8 emotional needs to consider in a relationship
Everyone has emotional needs. Consider basic survival needs like water, air, food, and shelter. Meeting these physical needs means you can stay alive, but it takes more to give life meaning.
You can’t see or touch things like companionship, affection, security, or appreciation, but they’re just as valuable. The same goes for feeling heard or valued.
In a relationship, the strength of your bond can make a big difference in whether you both get your needs met.
Although every relationship looks a little different, these 8 emotional needs are a good starting point for considering whether you and your partner are each getting what you need from the relationship.
Affection helps you bond and increase closeness. Not everyone shows affection in the same ways, but partners generally get used to each other’s unique approaches toward fulfilling this need.
Someone who doesn’t say “I love you” might show their regard through their actions, for example.
If the level of affection in your relationship suddenly changes, you might start to worry. Many relationship issues stem from a lack of affection, and it’s pretty understandable to wonder why a once-affectionate partner seems distant or avoidant of touch.
Knowing your partner accepts you as you are can help create a sense of belonging in the relationship.
Acceptance doesn’t just mean they accept you, though. It also means you feel as if you fit in with their loved ones and belong in their life.
This sense of belonging might increase when they introduce you to family and friends or share dreams and goals for the future.
If you don’t feel accepted, you might feel as if you’re hovering on the edges of their life. This isn’t a comfortable place to be.
A healthy relationship should feel secure, but security can mean many things.
If you feel secure in your relationship, you generally know they respect your boundaries, feel safe to share your feelings, feel physically safe with them, believe they support your choices and also be able to share your feelings.
Trust and security often go hand in hand. It’s hard to feel physically or emotionally safe with someone you can’t trust. When you trust someone, you know they’re looking out for you as well as themselves.
If you start to doubt them, try bringing up specific behaviors, such as staying out late without explanation. This helps you get to the bottom of what’s going on while touching base on communication needs.

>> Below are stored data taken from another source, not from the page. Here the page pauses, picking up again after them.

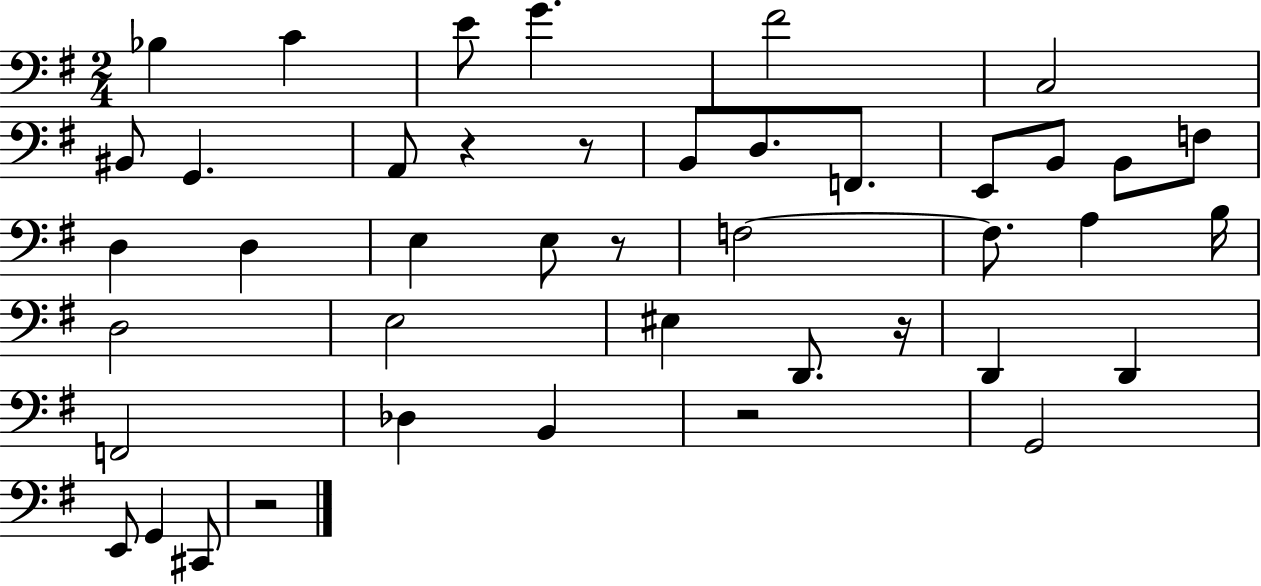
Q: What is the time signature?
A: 2/4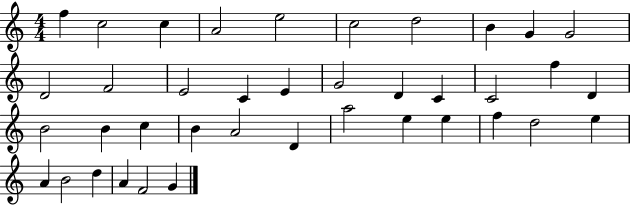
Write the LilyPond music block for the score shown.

{
  \clef treble
  \numericTimeSignature
  \time 4/4
  \key c \major
  f''4 c''2 c''4 | a'2 e''2 | c''2 d''2 | b'4 g'4 g'2 | \break d'2 f'2 | e'2 c'4 e'4 | g'2 d'4 c'4 | c'2 f''4 d'4 | \break b'2 b'4 c''4 | b'4 a'2 d'4 | a''2 e''4 e''4 | f''4 d''2 e''4 | \break a'4 b'2 d''4 | a'4 f'2 g'4 | \bar "|."
}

Having empathy means you can imagine how someone else feels. This ability is essential to romantic relationships since it helps people understand each other and build deeper bonds.

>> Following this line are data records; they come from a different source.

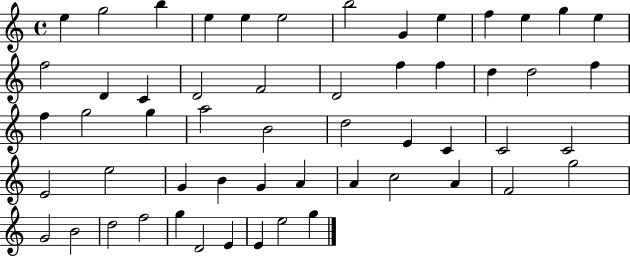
E5/q G5/h B5/q E5/q E5/q E5/h B5/h G4/q E5/q F5/q E5/q G5/q E5/q F5/h D4/q C4/q D4/h F4/h D4/h F5/q F5/q D5/q D5/h F5/q F5/q G5/h G5/q A5/h B4/h D5/h E4/q C4/q C4/h C4/h E4/h E5/h G4/q B4/q G4/q A4/q A4/q C5/h A4/q F4/h G5/h G4/h B4/h D5/h F5/h G5/q D4/h E4/q E4/q E5/h G5/q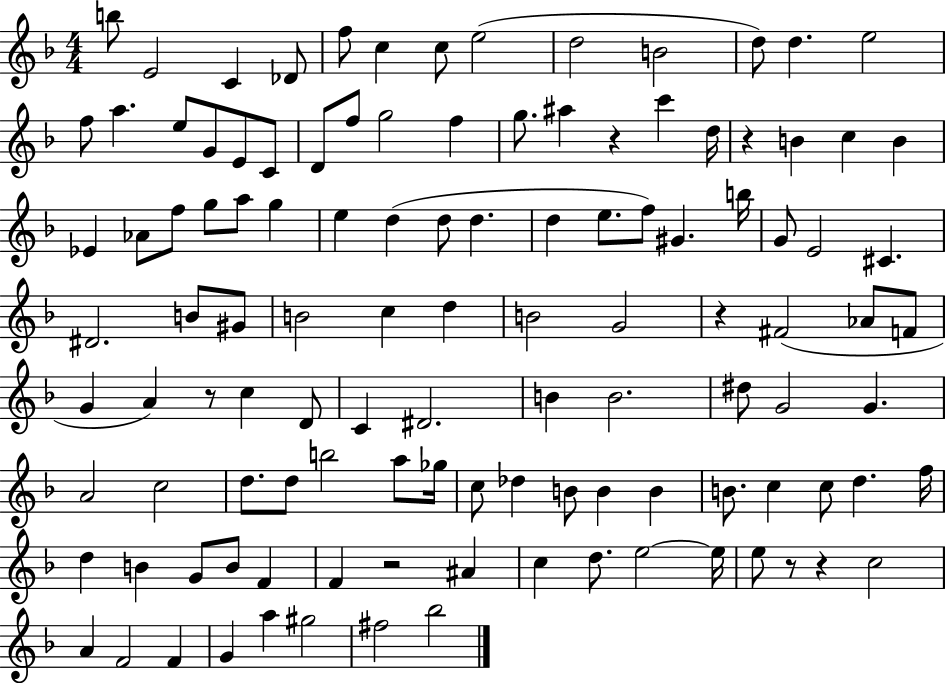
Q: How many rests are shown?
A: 7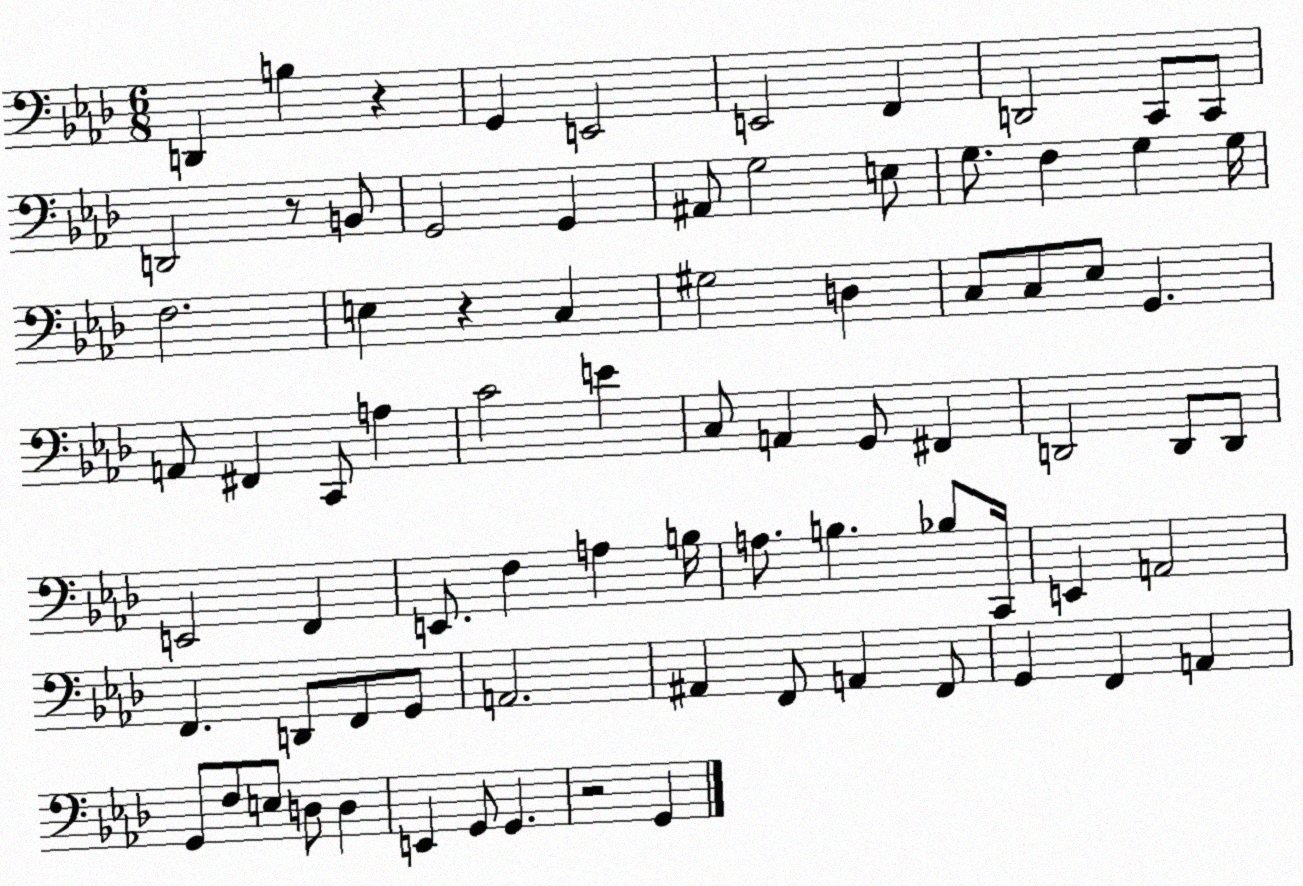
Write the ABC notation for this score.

X:1
T:Untitled
M:6/8
L:1/4
K:Ab
D,, B, z G,, E,,2 E,,2 F,, D,,2 C,,/2 C,,/2 D,,2 z/2 B,,/2 G,,2 G,, ^A,,/2 G,2 E,/2 G,/2 F, G, G,/4 F,2 E, z C, ^G,2 D, C,/2 C,/2 _E,/2 G,, A,,/2 ^F,, C,,/2 A, C2 E C,/2 A,, G,,/2 ^F,, D,,2 D,,/2 D,,/2 E,,2 F,, E,,/2 F, A, B,/4 A,/2 B, _B,/2 C,,/4 E,, A,,2 F,, D,,/2 F,,/2 G,,/2 A,,2 ^A,, F,,/2 A,, F,,/2 G,, F,, A,, G,,/2 F,/2 E,/2 D,/2 D, E,, G,,/2 G,, z2 G,,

Say they forget your birthday. You feel angry and hurt. After 5 years together, how could they? You’ve never forgotten their birthday.
But after your initial rush of disappointment and anger, you start to consider their side. They’ve been struggling at work lately, and that anxiety has started affecting their sleep. Most of their emotional energy has gone into planning a big project that could help turn things around.

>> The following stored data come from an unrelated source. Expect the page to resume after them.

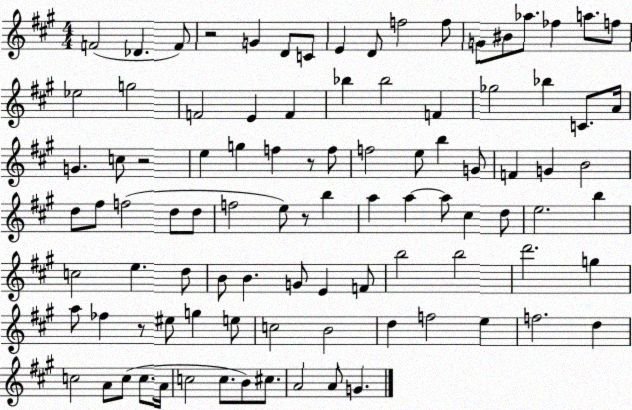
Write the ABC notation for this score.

X:1
T:Untitled
M:4/4
L:1/4
K:A
F2 _D F/2 z2 G D/2 C/2 E D/2 f2 f/2 G/2 ^B/2 _a/2 _f a/2 f/2 _e2 g2 F2 E F _b _b2 F _g2 _b C/2 A/4 G c/2 z2 e g f z/2 f/2 f2 e/2 b G/2 F G B2 d/2 ^f/2 f2 d/2 d/2 f2 e/2 z/2 b a a a/2 ^c d/2 e2 b c2 e d/2 B/2 B G/2 E F/2 b2 b2 d'2 g a/2 _f z/2 ^e/2 g e/2 c2 B2 d f2 e f2 d c2 A/2 c/2 c/2 A/4 c2 c/2 B/2 ^c/2 A2 A/2 G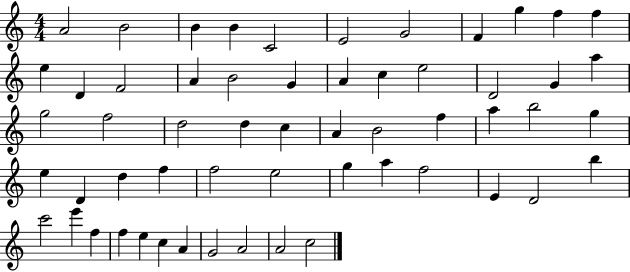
{
  \clef treble
  \numericTimeSignature
  \time 4/4
  \key c \major
  a'2 b'2 | b'4 b'4 c'2 | e'2 g'2 | f'4 g''4 f''4 f''4 | \break e''4 d'4 f'2 | a'4 b'2 g'4 | a'4 c''4 e''2 | d'2 g'4 a''4 | \break g''2 f''2 | d''2 d''4 c''4 | a'4 b'2 f''4 | a''4 b''2 g''4 | \break e''4 d'4 d''4 f''4 | f''2 e''2 | g''4 a''4 f''2 | e'4 d'2 b''4 | \break c'''2 e'''4 f''4 | f''4 e''4 c''4 a'4 | g'2 a'2 | a'2 c''2 | \break \bar "|."
}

With all that on their mind, you reason, it’s more understandable how they completely blanked on your birthday. You know it wasn’t an intentional slight, and you also know they feel terrible.
It’s pretty normal to want your partner to make you a priority. You want to know you come first and that after they meet their own needs, yours are next in line.
Of course, most people have a few (or more) significant relationships. From time to time, someone else in their life might need to come first, such as a friend going through a crisis or a family member experiencing a rough patch.
In general, though, if you don’t feel like a priority in their life, you probably feel as if they don’t really value your presence. This can make you wonder why they even bother with the relationship. A conversation can often help.
It’s OK not to do everything together. In fact, maintaining separate interests and friendships can be good for individual mental health, as well as the health of your relationship (see autonomy above).
But you probably want to feel connected at the same time. That’s perfectly understandable. What are relationships for, if not sharing your life? Without connection, you can feel lonely even when you spend most of your time together.
Connection is important, but so is space.
Space within a relationship means you both have the freedom to do your own thing when you want to. You feel supported but know you can make your own choices.